→ Aim of the exercise: Where the listing shows an image, skip it and output all other material unchanged.

→ Supplied data:
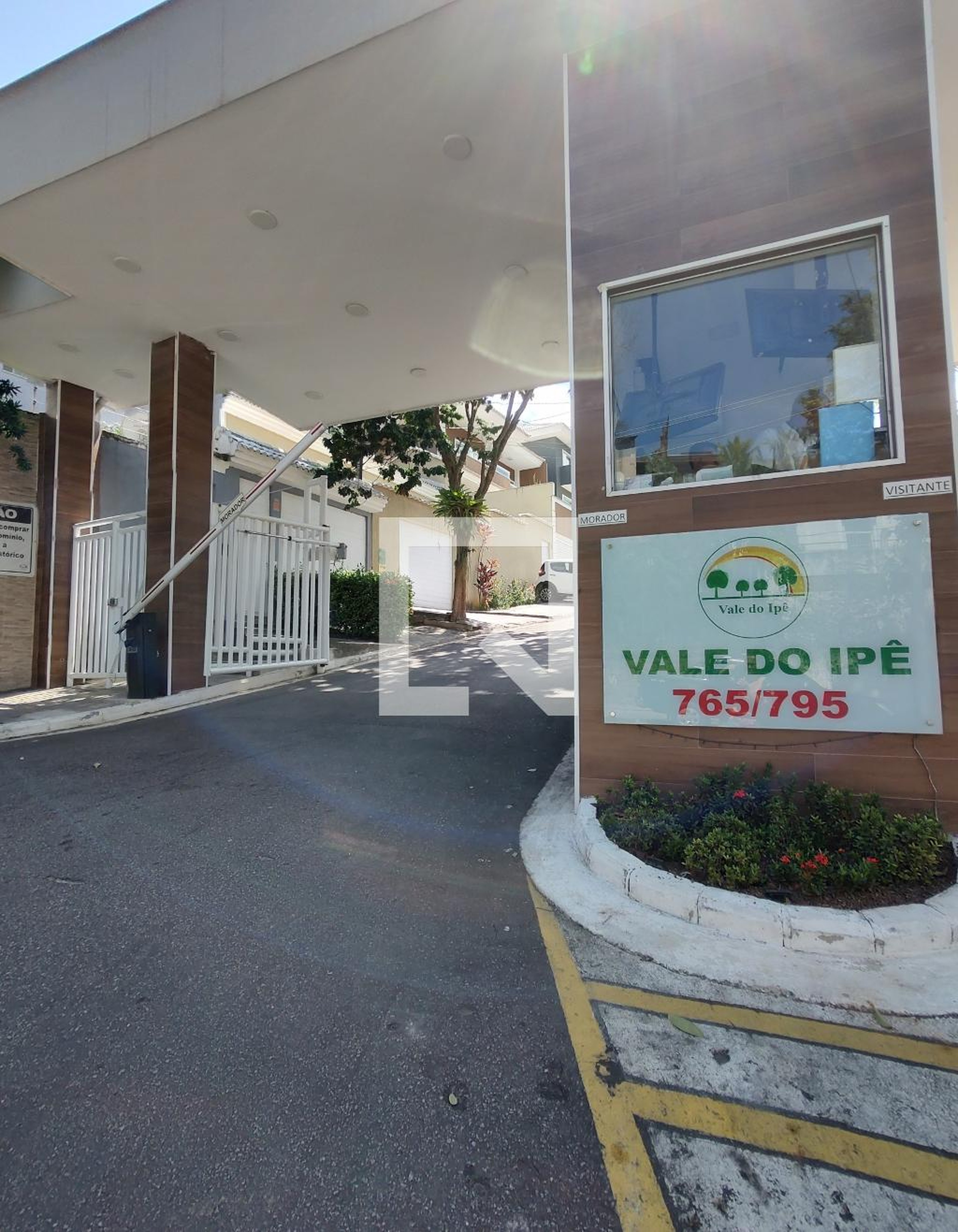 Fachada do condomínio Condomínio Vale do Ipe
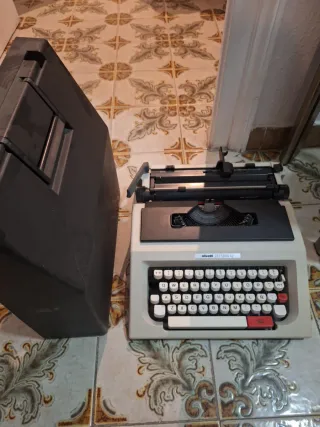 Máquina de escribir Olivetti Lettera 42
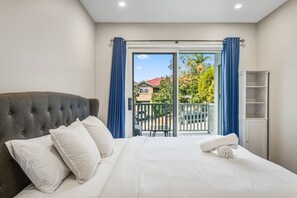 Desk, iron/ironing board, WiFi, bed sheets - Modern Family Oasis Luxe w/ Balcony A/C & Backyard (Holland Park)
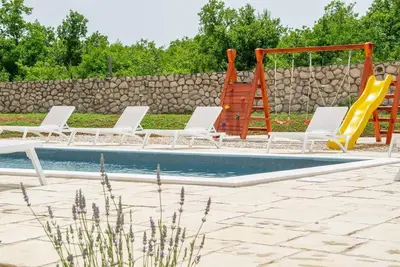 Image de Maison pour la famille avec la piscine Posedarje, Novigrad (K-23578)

→ Exercise result:
 Fachada do condomínio Condomínio Vale do Ipe
 Máquina de escribir Olivetti Lettera 42
 Desk, iron/ironing board, WiFi, bed sheets - Modern Family Oasis Luxe w/ Balcony A/C & Backyard (Holland Park)
 Image de Maison pour la famille avec la piscine Posedarje, Novigrad (K-23578)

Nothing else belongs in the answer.